For the general model description, use meta. This argument is a dictionary that may contain the following keys:

  • "name": a string with the name of the model that will be shown in the modeling environment.
  • "description": a string with a brief model description; if omitted, the model’s comment is used.
  • "naming_convention": name convention used for names of variables. For details, see the FMI documentation. Currently included in the standard are:
    • "flat": a list of strings (default).
    • "structured": hierarchical names using dot separator, with array elements and derivative characterization.
  • "author": an string containing author’s name and organization.
  • "version": model version string.
  • "copyright": optional information on the intellectual property copyright for this FMU.
  • "license": optional information on the intellectual property licensing for this FMU.

For variable description, use inputs_meta and outputs_meta. If specified, variable description must be a list with length size_x (or size_f respectively). List element is a dictionary with the following keys (all keys are optional):

  • "name": name of the variable (string), optional. Default is "x[i]" for inputs, "f[i]" for outputs, where i is the index of this input or output in the training sample.
  • "description": a string containing brief variable description.
  • "quantity": physical quantity of the variable, for example "Angle" or "Energy".
  • "unit": measurement units used for this variable in model equations, for example "deg" or "J".
  • "min": the minimum value of the variable (float) or "training" to use the minimum value from the model’s training sample. If omitted, the minimum is the largest negative number that can be represented on the machine.
  • "max": the maximum value of the variable (float) or "training" to use the training sample value. If omitted, the maximum is the largest positive number that can be represented on the machine.

If some or all details for a variable are not specified, GTApprox also tries to get them from model’s details. If some details are specified both in details and as parameters to export_fmi_20(), information from parameters takes priority.

By default, an FMU is exported with source code only. To export an FMU with binaries for one or more of the standard FMI platforms, specify compilers.

  • A key in compilers is a string identifying the target platform. Recognized platform names are: "win32", "win64", "linux32", "linux64". You can add compilers for different platforms to export an FMU with cross-platform support.
  • A value in compilers is a Python callable object that implements an FMU compiler for the platform specified by key.

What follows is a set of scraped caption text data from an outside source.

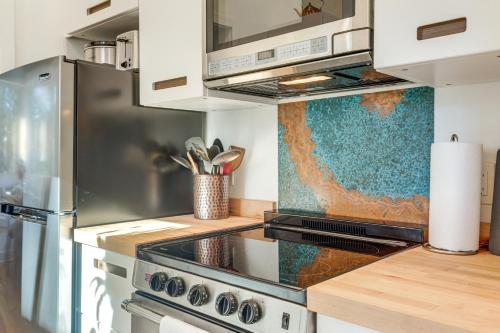 a kitchen with a stainless steel stove top oven at Private Hot Tub Waterfront Home along Eagle River in Eagle River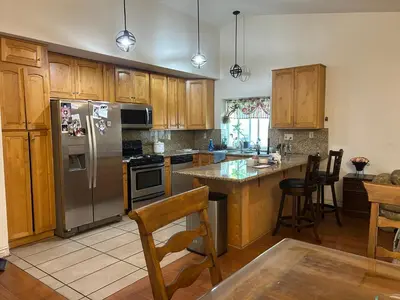 a kitchen with wooden cabinets and a stainless steel refrigerator at \u6e29\u99a8\u5c0f\u5c4b in Ontario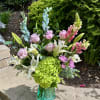 Mixed bouquet in a turquoise glass vase with lilies, roses, snapdragons, and hydrangea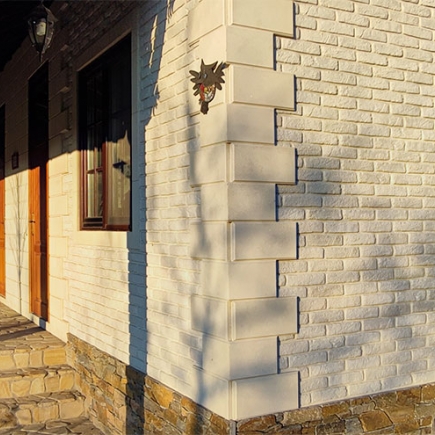 Covered porch with carved dragon eave board, brick pillars, and a stone-paved walkway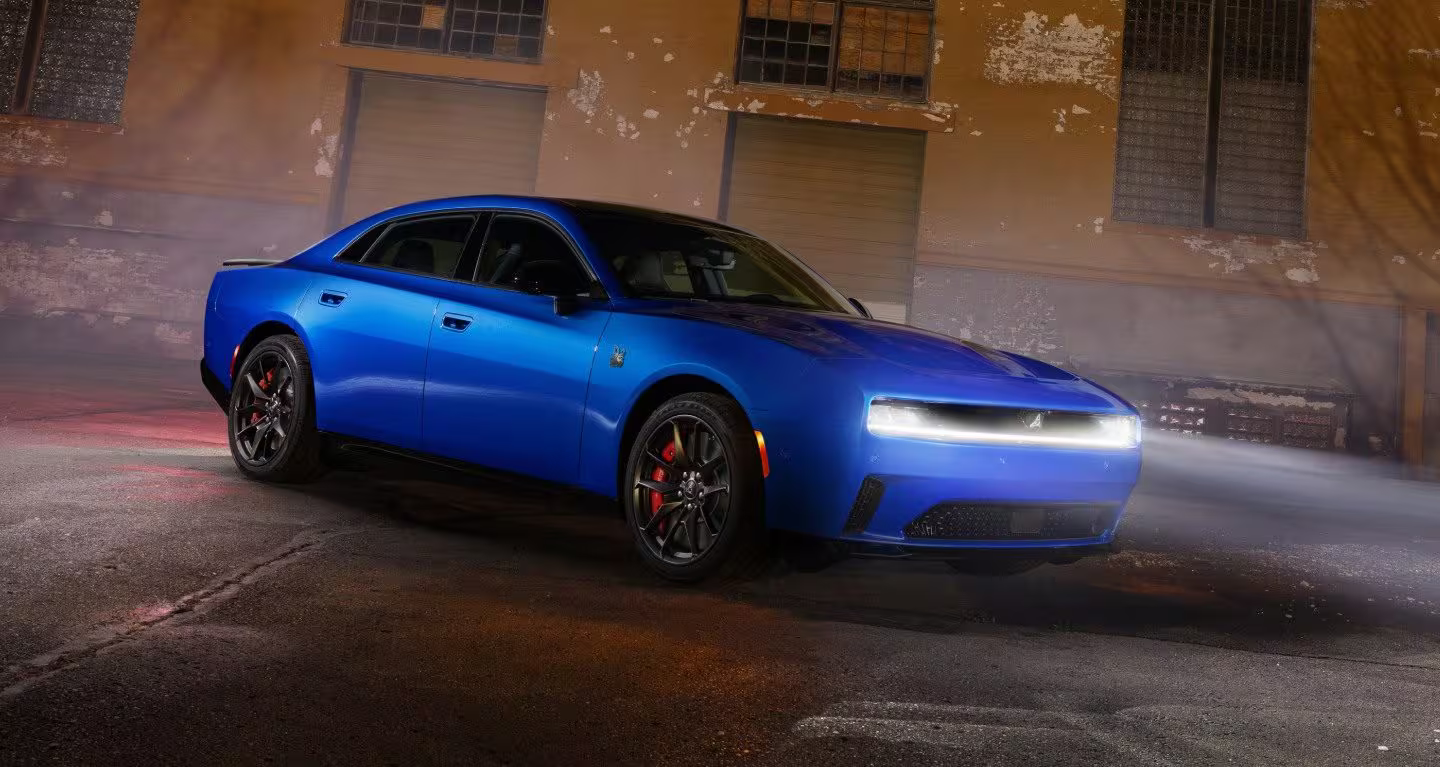 Dodge Charger Daytona outside at night with headlights on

Each callable in compilers should support three input parameters:

  • source_code - the source code to compile.
    • If single_file is True or not specified, source_code is a string.
    • If single_file is False, source_code is a list of string pairs (file_name, source_code). The file_name and source_code strings are the name and source code of a C translation unit. Together, these translation units form the FMU source code.
  • model_id is the model identifier and the name of the shared library (a .dll or .so file).
  • platform is the platform identifier, one of the following strings: "win32", "win64", "linux32", "linux64".

Each callable in compilers must return a string containing the binary code of the compiled shared library. Note that any exception raised by the callable is re-raised by export_fmi_20().

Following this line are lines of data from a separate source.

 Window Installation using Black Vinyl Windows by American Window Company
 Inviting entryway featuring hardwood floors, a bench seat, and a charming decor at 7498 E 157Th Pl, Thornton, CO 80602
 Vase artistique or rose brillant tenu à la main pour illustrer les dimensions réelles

On successful export, export_fmi_20() returns a description of the exported model variables in terms of FMI standard. The description is a list of dictionaries with the following keys:

  • "name": the name of the variable.
  • "causality": "input" or "output"; indicates how the variable is visible from the outside of the model.
  • "variability": "constant" or "parameter"; indicates when the value of the variable changes.
  • "type": "real" or "enum"; indicates type of the variable.
  • "value": "real" or "constant"; omitted for other types of variables.
  • "enumerators": list of enumerators if variable type is "enum"; omitted for other types of variables.
  • "origin": a tuple of two integers that are 0-based indices of the original model input and output components related to this FMU parameter:
    • (j, -1) is the j-th component of the original model input.
    • (-1, i) is the i-th component of the original model output.
    • (j, i) is the partial derivative of the i-th model output with respect to j-th input.
da.p7core.gtapprox.export_fmi_cs(model, file, id=None, der_outputs=False, meta=None, inputs_meta=None, outputs_meta=None, compilers=None, single_file=None)

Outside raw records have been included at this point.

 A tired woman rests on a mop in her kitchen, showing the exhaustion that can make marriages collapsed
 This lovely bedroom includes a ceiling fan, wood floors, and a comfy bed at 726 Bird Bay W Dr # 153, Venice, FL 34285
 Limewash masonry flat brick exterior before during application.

Export the model to a Functional Mock-up Unit for Co-Simulation 1.0.

Parameters:
  • model (Model) – exported model
  • file (file or str) – file object or path where to export
  • id (str) – a string used in model and function names
  • der_outputs (bool) – if True, include partial derivatives of model outputs in the list of FMI model outputs
  • meta (dict) – model information
  • inputs_meta (list) – input variable information
  • outputs_meta (list) – output variable information
  • compilers (dict) – compiler settings to export an FMU with binary
  • single_file (bool) – pass sources to compilers as a single file (default) or multiple files (False)
Returns:

description of model variables

Return type:

list

New in version 6.9.

Changed in version 6.24: added the single_file parameter.

According to the FMI standard, in an FMU with source code the same string (id) is used as the model name and as a prefix in function names in the model code. If file is a path, omit id as it will be generated from the filename in the path. In this case, the filename must be a valid C identifier. If file is a file object, id is required and must be a valid C identifier. If you specify both file and id, the filename and id must be identical. The file extension should be .fmu by standard.

For the general model description, use meta. This argument is a dictionary that may contain the following keys:

  • "name": a string with the name of the model that will be shown in the modeling environment.
  • "description": a string with a brief model description; if omitted, the model’s comment is used.
  • "naming_convention": name convention used for names of variables. For details, see the FMI documentation. Currently included in the standard are:
    • "flat": a list of strings (default).
    • "structured": hierarchical names using dot separator, with array elements and derivative characterization.
  • "author": an string containing author’s name and organization.
  • "version": model version string.

For variable description, use inputs_meta and outputs_meta. If specified, variable description must be a list with length size_x (or size_f respectively). List element is a dictionary with the following keys (all keys are optional):

  • "name": name of the variable (string), optional. Default is "x[i]" for inputs, "f[i]" for outputs, where i is the index of this input or output in the training sample.
  • "description": a string containing brief variable description.
  • "quantity": physical quantity of the variable, for example "Angle" or "Energy".
  • "unit": measurement units used for this variable in model equations, for example "deg" or "J".
  • "min": the minimum value of the variable (float) or "training" to use the minimum value from the model’s training sample. If omitted, the minimum is the largest negative number that can be represented on the machine.
  • "max": the maximum value of the variable (float) or "training" to use the training sample value. If omitted, the maximum is the largest positive number that can be represented on the machine.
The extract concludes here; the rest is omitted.